(Excerpts from a dataset)
----

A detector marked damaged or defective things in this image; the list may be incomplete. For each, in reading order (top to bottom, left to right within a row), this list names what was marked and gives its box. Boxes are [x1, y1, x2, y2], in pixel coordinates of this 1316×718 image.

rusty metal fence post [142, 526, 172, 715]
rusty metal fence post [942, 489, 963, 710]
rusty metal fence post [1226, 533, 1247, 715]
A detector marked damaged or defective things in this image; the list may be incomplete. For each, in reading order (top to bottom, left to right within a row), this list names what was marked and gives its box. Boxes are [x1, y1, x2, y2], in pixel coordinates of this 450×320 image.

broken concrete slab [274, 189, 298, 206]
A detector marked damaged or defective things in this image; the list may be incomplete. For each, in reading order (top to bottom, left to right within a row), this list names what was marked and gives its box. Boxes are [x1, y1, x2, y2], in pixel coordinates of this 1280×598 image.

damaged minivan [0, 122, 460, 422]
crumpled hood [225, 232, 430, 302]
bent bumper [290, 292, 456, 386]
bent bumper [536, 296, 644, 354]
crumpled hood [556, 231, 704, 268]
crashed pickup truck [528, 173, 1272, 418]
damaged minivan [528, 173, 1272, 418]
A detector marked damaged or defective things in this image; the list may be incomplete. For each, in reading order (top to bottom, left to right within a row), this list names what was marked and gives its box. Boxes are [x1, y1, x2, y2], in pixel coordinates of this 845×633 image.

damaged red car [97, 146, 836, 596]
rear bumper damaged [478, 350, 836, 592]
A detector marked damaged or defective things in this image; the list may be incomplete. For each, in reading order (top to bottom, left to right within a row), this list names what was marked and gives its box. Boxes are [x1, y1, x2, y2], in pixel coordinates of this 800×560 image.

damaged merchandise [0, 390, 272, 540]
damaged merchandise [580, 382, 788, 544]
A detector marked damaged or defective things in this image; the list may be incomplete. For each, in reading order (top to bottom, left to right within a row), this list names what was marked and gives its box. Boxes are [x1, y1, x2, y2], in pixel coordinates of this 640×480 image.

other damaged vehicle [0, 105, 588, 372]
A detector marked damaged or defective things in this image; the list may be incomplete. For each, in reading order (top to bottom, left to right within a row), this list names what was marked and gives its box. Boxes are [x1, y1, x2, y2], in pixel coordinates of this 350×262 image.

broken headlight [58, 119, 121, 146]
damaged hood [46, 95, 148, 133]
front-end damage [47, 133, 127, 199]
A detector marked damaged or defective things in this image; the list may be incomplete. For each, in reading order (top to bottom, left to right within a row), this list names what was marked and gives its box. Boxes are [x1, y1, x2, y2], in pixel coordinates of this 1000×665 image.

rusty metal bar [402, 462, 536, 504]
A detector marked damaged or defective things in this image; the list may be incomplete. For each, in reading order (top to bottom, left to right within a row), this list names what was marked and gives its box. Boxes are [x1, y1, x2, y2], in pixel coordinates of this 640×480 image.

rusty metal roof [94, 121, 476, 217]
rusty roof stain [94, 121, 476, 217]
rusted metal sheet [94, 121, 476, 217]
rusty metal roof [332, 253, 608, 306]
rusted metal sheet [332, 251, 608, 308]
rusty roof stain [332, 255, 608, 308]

----

**TO DO**: Make an exact copy of all the data.

**ANSWER BELOW**:
A detector marked damaged or defective things in this image; the list may be incomplete. For each, in reading order (top to bottom, left to right within a row), this list names what was marked and gives its box. Boxes are [x1, y1, x2, y2], in pixel coordinates of this 1316×718 image.

rusty metal fence post [142, 526, 172, 715]
rusty metal fence post [942, 489, 963, 710]
rusty metal fence post [1226, 533, 1247, 715]
A detector marked damaged or defective things in this image; the list may be incomplete. For each, in reading order (top to bottom, left to right within a row), this list names what was marked and gives its box. Boxes are [x1, y1, x2, y2], in pixel coordinates of this 450×320 image.

broken concrete slab [274, 189, 298, 206]
A detector marked damaged or defective things in this image; the list may be incomplete. For each, in reading order (top to bottom, left to right within a row), this list names what was marked and gives its box. Boxes are [x1, y1, x2, y2], in pixel coordinates of this 1280×598 image.

damaged minivan [0, 122, 460, 422]
crumpled hood [225, 232, 430, 302]
bent bumper [290, 292, 456, 386]
bent bumper [536, 296, 644, 354]
crumpled hood [556, 231, 704, 268]
crashed pickup truck [528, 173, 1272, 418]
damaged minivan [528, 173, 1272, 418]
A detector marked damaged or defective things in this image; the list may be incomplete. For each, in reading order (top to bottom, left to right within a row), this list names what was marked and gives its box. Boxes are [x1, y1, x2, y2], in pixel coordinates of this 845×633 image.

damaged red car [97, 146, 836, 596]
rear bumper damaged [478, 350, 836, 592]
A detector marked damaged or defective things in this image; the list may be incomplete. For each, in reading order (top to bottom, left to right within a row), this list names what was marked and gives its box. Boxes are [x1, y1, x2, y2], in pixel coordinates of this 800×560 image.

damaged merchandise [0, 390, 272, 540]
damaged merchandise [580, 382, 788, 544]
A detector marked damaged or defective things in this image; the list may be incomplete. For each, in reading order (top to bottom, left to right within a row), this list names what was marked and gives its box. Boxes are [x1, y1, x2, y2], in pixel coordinates of this 640×480 image.

other damaged vehicle [0, 105, 588, 372]
A detector marked damaged or defective things in this image; the list may be incomplete. For each, in reading order (top to bottom, left to right within a row), this list names what was marked and gives its box. Boxes are [x1, y1, x2, y2], in pixel coordinates of this 350×262 image.

broken headlight [58, 119, 121, 146]
damaged hood [46, 95, 148, 133]
front-end damage [47, 133, 127, 199]
A detector marked damaged or defective things in this image; the list may be incomplete. For each, in reading order (top to bottom, left to right within a row), this list names what was marked and gives its box. Boxes are [x1, y1, x2, y2], in pixel coordinates of this 1000×665 image.

rusty metal bar [402, 462, 536, 504]
A detector marked damaged or defective things in this image; the list may be incomplete. For each, in reading order (top to bottom, left to right within a row), this list names what was marked and gives its box. Boxes are [x1, y1, x2, y2], in pixel coordinates of this 640×480 image.

rusty metal roof [94, 121, 476, 217]
rusty roof stain [94, 121, 476, 217]
rusted metal sheet [94, 121, 476, 217]
rusty metal roof [332, 253, 608, 306]
rusted metal sheet [332, 251, 608, 308]
rusty roof stain [332, 255, 608, 308]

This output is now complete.